Fluoride (F⁻) ions play a significant role in various fields of chemistry, biology, and health sciences.^1–3 It is one of the essential trace elements whose deficiency and excess in the human body can cause serious health issues. The WHO has issued guidelines recommending lower fluoride intake levels of less than 1.5 ppm.⁴ Concentrations exceeding this value pose a higher risk of dental fluorosis, while concentrations much higher than this can lead to skeletal fluorosis. Therefore, there has been growing interest among researchers in monitoring and measuring the concentration of F⁻ ions to protect human health and the environment owing to their widespread use in many chemical and pharmaceutical products^5,6 as well as in uranium refineries.¹ However, exclusive detection of F⁻ ions at low levels has always been a difficult task considering their small ionic size, high electronegativity, and high Lewis basicity.
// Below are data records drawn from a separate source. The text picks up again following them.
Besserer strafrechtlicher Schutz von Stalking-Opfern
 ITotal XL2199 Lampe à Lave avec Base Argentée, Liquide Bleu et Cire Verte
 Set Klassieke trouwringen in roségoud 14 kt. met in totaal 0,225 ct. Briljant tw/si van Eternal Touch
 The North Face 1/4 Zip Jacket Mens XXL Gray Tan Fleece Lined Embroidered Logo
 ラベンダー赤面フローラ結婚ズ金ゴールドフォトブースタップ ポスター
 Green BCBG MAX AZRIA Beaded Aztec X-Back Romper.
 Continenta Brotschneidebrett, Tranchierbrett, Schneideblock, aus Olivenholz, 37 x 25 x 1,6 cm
Additionally, sensing F⁻ ions in aqueous solutions is particularly challenging because of their strong affinity towards water molecules (hydration enthalpy of F⁻ ions in water = −121 kcal mol⁻¹).⁷ Recently, there has been significant interest in F⁻ ion-sensing fluorescent and colorimetric probes owing to their selectivity, affordability, and, most importantly, high sensitivity at very low detection levels.¹ These molecular probes can be small organic molecules^8–13 or transition metal complexes.^14–22 Their fluoride sensing mechanisms are based on several different interactions such as hydrogen(H)-bonding,¹³ Lewis acid–base,²³ and anion–π interactions^24,25 as well as, in some cases, desilylation of Si–C and Si–O bonds.^2,26–28 Among the developed strategies, there is a significant interest in receptors that can attract F⁻ ions through H-bonding interactions, such as N–H⋯F or O–H⋯F, and yield an optical response, and a colorimetric response in some cases.^29,30

8-Hydroxyquinoline (8-HQ) and imidazole are two important heteroaromatic systems with a wide range of applications in biological, chemical, and materials sciences. Both molecules are amphoteric, meaning they can accept electrons by providing their acidic O–H or N–H protons to interact with anionic species.^3,29,31 Additionally, they can donate a lone pair of electrons from one of the N atoms to coordinate with various metal ions.^32,33 Furthermore, the strength of their acidity or basicity can be tuned by different substitutions. Notably, 8-HQ exhibits zwitterionic properties.³⁴ However, the various aspects of the chemistry of these N-heteroaromatic molecules in selectively binding F⁻ ions through N–H⋯F or O–H⋯F H-bonding interaction have not been extensively studied, despite the significant potential of this approach for understanding how F⁻ ion sensing works in a complex environment. Some imidazole-based optical sensors have rapidly advanced in detecting F⁻ ions over the past few decades, mostly relying on H-bonding or other possible non-covalent interactions with F⁻ ions.^{17,18,35–42} We continued our research on the fundamental structural aspects of H-bonding interactions in the heteroaromatic systems mentioned above with different anionic species to collect new information on their F⁻ ion sensing and/or coordination abilities. In this work, we analysed three different molecules (Fig. 1) that have been found to crystallize as strongly H-bonded networks with F⁻ anions: 5-(1H-benzo[d]imidazol-2-yl)quinolin-8-ol (1), 5-(benzo[d]thiazol-2-yl)quinolin-8-ol (2), and 4-(1H-benzo[d]imidazol-2-yl)benzene-1,3-diol (3). We studied their crystallographic and electronic structures as well as their optical properties using both experiments and simulations to expand their potential use in F⁻ ion detection for health and environmental protection.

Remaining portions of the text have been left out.